The Rs 1,500-crore facewash market is seeing a lot of activity. While in the personal care space, deodorants have been seeing the maximum action, facewash is the skincare category that has seen the maximum number of launches in the past few months.
The Rs 7,583-crore Godrej Consumer (Godrej), the second-largest soap manufacturer, is the next major FMCG player which is training its sight on the category, in its second attempt.
While earlier this year, the new launches have been mostly in men’s facewashes — HUL’s Pond’s Men and Emami’s Fair & Handsome — Godrej’s entry would target women.
It is looking to extend its Godrej No 1 soap brand into the category. MD Vivek Gambhir says facewash is a category that bears close resemblance to personal care soaps. Also, “while the (facewash) category is growing at 30 per cent per annum, urban and rural penetration levels are not high. Urban penetration alone is just 18 per cent,” he says.
While the men’s facewash segment is a fledgling one, products based on herbal ingredients have done consistently well and have catered to both men and women, including the market leader in facewashes — Himalaya Neem facewash. Consumers seek strong product benefits in a facewash, making it a difficult market to crack, experts say.
Godrej plans every bit to highlight the herbal antecedents, as a result. Gambhir says that the new product will take the herbal equity of Godrej No 1 forward.
Most players from giants like HUL, Procter & Gamble, Nivea, ITC, J&J (Clean & Clear and Neutrogena) and L’Oreal (Garnier) to smaller companies such as Himalaya, Wipro Consumer, Zydus and Lotus Herbals have forayed into the facewash segment, given its high growth rate. Almost all of HUL’s skincare brands (Dove, Pears, Ponds, Fair & Lovely, and Lakme) have a variant, and hence, it accounts for a large share of the overall market.
Godrej had attempted to enter facewashes a few years ago with FairGlow, extending its fairness soap, but failed to find a market.
In herbal facewashes, the key players include Wipro (Santoor’s sandalwood-based product) and Zydus (Everyuth), besides Himalaya. “Facewash users are those who want a bit more in terms of cleansing,” Zydus’ managing director, Elkana Ezekiel had earlier said. Himalaya’s Neem facewash, which first became the leader across all kinds of anti-blemish skincare products (creams, facewash etc.), has now scaled to the top of the facewash pecking order, by dint of its positioning.

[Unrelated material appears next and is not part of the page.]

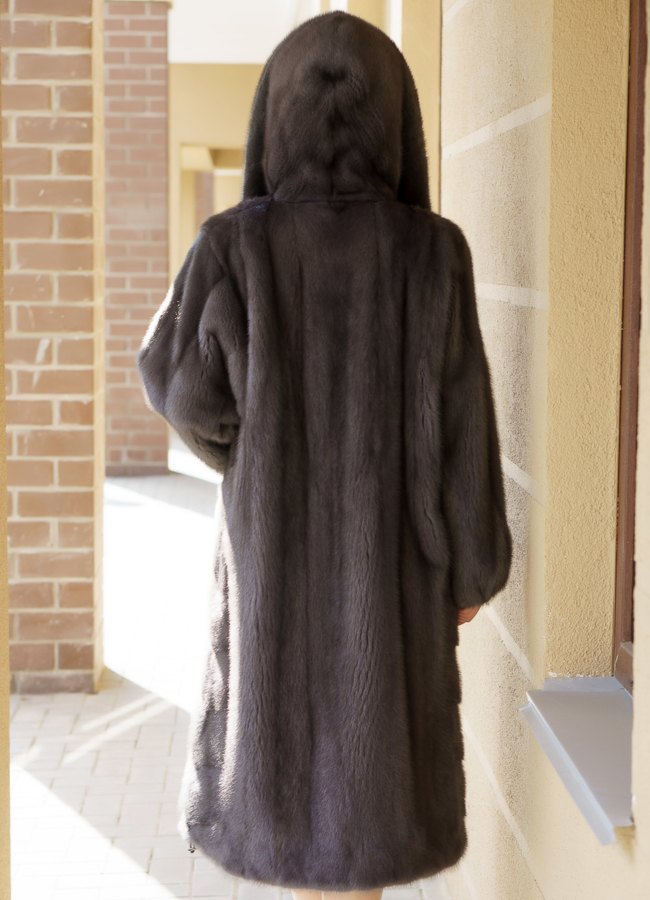 фото Норковая шуба оверсайз капюшоном  модель № 413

In the last few years, ingredients such as tulsi (holy basil), turmeric, sandalwood and neem have emerged as popular facewash variants. Godrej would add kesar (saffron) to the list, besides its neem variant.
For Godrej, the entry into facewash would unlock a new segment. Among other Adi-Godrej Group companies such as Godrej Properties and Godrej Agrovet, the consumer business is leading the charge to expand revenues, pegged at Rs 13,500 crore at the overall level, ten-fold in 10 years. In August, Godrej had moved from hair colour into haircare with the launch of a range of shampoos, masques, gels and other styling products under B:Blunt, the salon chain in which it has a 30 per cent stake.

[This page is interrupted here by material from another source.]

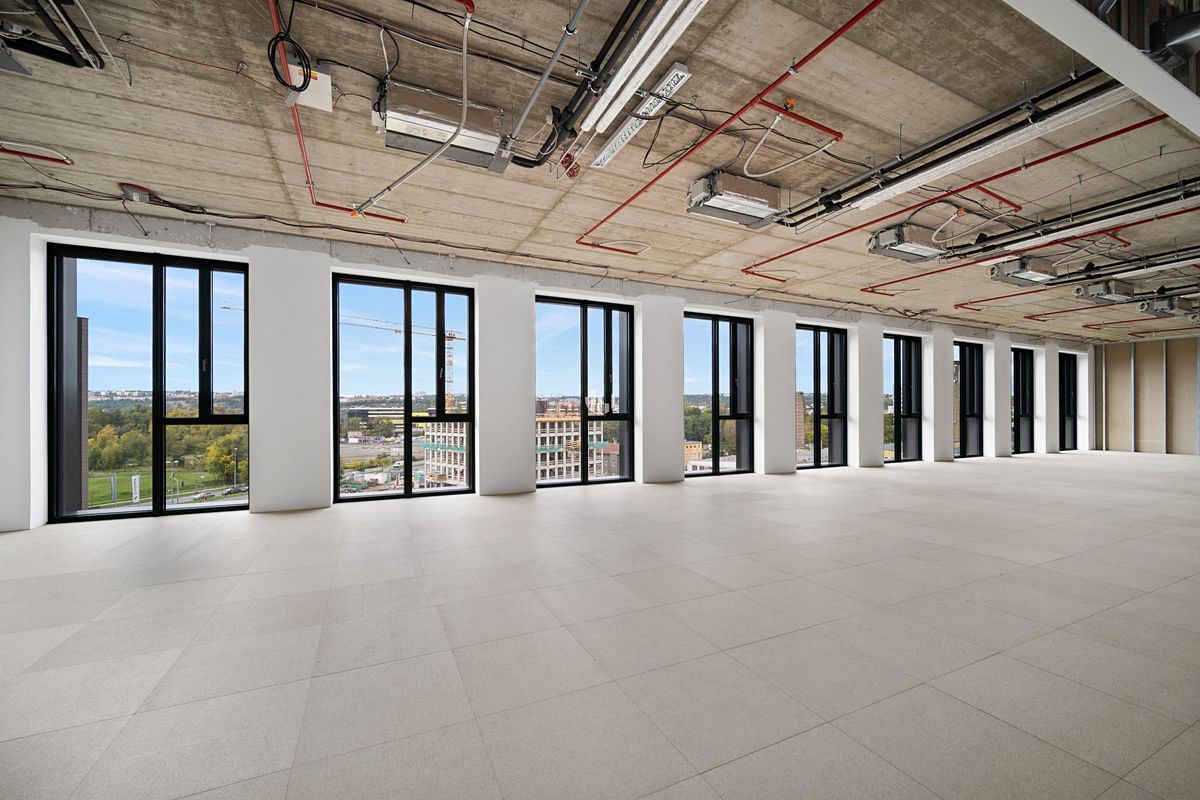 Pronájem kanceláře 565 m² – fotografie 3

In the last two years, Godrej has taken an aggressive stand on innovations, launching differentiated products such as a creme hair colour at Rs 30, an anti-roach gel, mosquito-repellent body sprays and a Rs 1 mosquito repellent (Good knight Fast Card is a Rs 100 crore brand in 11 months since launch). Godrej already derives a third of its incremental revenue from new products. The screw cap fixed to the new facewash satchets, Gambhir explains, is part of this larger agenda of innovation.
The smaller the better?
Besides a tube (Rs 35), the new multi-use sachet, expected to be launched in a week, will be priced at Rs 10. “Sachets account for over 75 per cent of the volumes of shampoo brands. Facewash could also shift to sachets if more players step into the fray,” Abneesh Roy, associate director, research, institutional equities, Edelweiss, says. Zydus had already entered with its Everyuth Naturals facewash sachets in September. HUL, in its second quarter results last week, indicated its intent to focus on “low unit packs” as well. P B Balaji, CFO, HUL, had said, “Our focus on LUPs will be across categories such as cleansing, laundry, oral and haircare. It has given us good sales traction in the second quarter and we intend to continue with it.”
Gambhir says that Godrej will look at associated categories in its core segments. Besides soaps and hair colour, Godrej is big in household insecticides (gets 45 per cent of its domestic revenue from it). Soaps give the company 35 per cent, while the balance 20 per cent comes from hair colour.